Welcome to Day 18 of the 30 Days of Data Science series! Today, we explore the basics of Machine Learning and an essential library for implementing ML models in Python: Scikit-learn. This session will set the foundation for understanding ML concepts and applying them in practice.
- What is Machine Learning?
- Types of Machine Learning: Supervised, Unsupervised, and Reinforcement Learning.
- Introduction to Scikit-learn, a machine learning library in Python.
- Example: Linear Regression using Scikit-learn.
Machine Learning (ML) is a subset of artificial intelligence (AI) that enables systems to learn and improve from data without being explicitly programmed.
- Data: ML algorithms are trained using historical data.
- Model: A mathematical representation of the problem to make predictions or decisions.
- Training: The process of feeding data into the model to learn patterns.
-
Supervised Learning:
- Input data (features) and output labels (target) are provided.
- Goal: Learn a mapping from input to output.
- Examples: Regression, Classification.
-
Unsupervised Learning:
- Only input data is provided, no output labels.
- Goal: Discover hidden patterns or groupings.
- Examples: Clustering, Dimensionality Reduction.
-
Reinforcement Learning:
- Agents learn by interacting with the environment and receiving feedback (rewards or penalties).
- Examples: Game playing, Robotics.
Scikit-learn is a Python library for implementing machine learning algorithms. It provides simple and efficient tools for predictive data analysis.

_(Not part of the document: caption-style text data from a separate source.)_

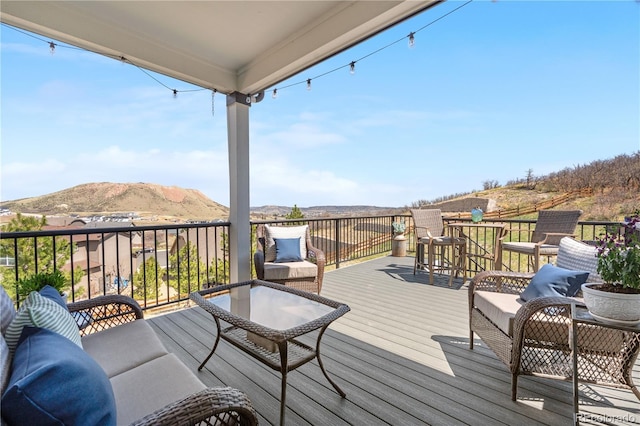 wooden terrace featuring a mountain view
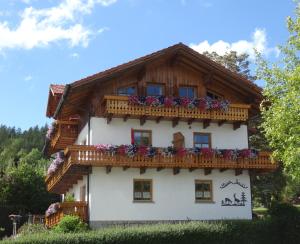 a house with a balcony with flowers on it at Haus Seidl in Bodenmais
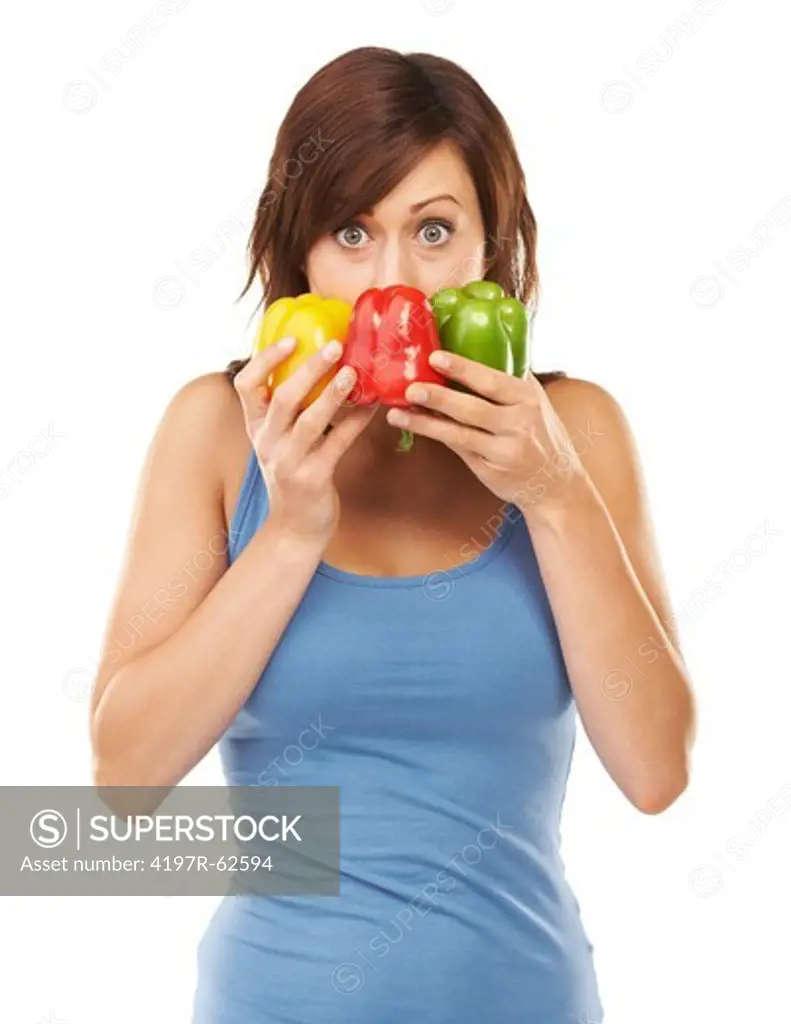 Studio shot of a young woman holding three colourful peppers in front of her face isolated on white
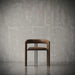 Wooden chair against a gray concrete wall
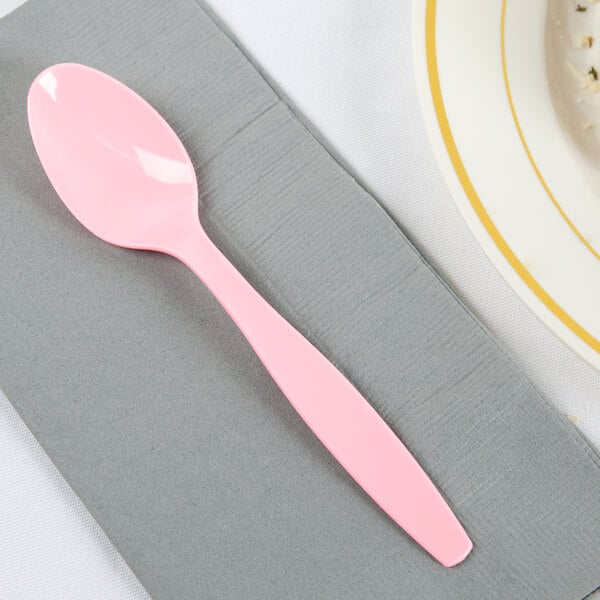 A Creative Converting Classic Pink plastic spoon on a napkin.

- Built-in algorithms for supervised and unsupervised learning.
- Tools for model evaluation, preprocessing, and pipeline creation.
- Compatible with other Python libraries like NumPy and pandas.
Before using Scikit-learn, ensure it is installed in your environment. Use the following command:
pip install scikit-learn
-
Loading a Dataset: Scikit-learn comes with several built-in datasets.
from sklearn.datasets import load_iris iris = load_iris() print(iris.keys()) # Output: Keys like 'data', 'target', etc.
-
Splitting Data: Use
train_test_split
to divide data into training and testing sets.from sklearn.model_selection import train_test_split X_train, X_test, y_train, y_test = train_test_split( iris.data, iris.target, test_size=0.2, random_state=42 )
-
Training a Model: Fit a model using the training data.
from sklearn.ensemble import RandomForestClassifier clf = RandomForestClassifier() clf.fit(X_train, y_train)
-
Making Predictions: Use the trained model to make predictions.
predictions = clf.predict(X_test) print(predictions)
-
Evaluating a Model: Measure accuracy or other metrics.
from sklearn.metrics import accuracy_score accuracy = accuracy_score(y_test, predictions) print(f"Accuracy: {accuracy}")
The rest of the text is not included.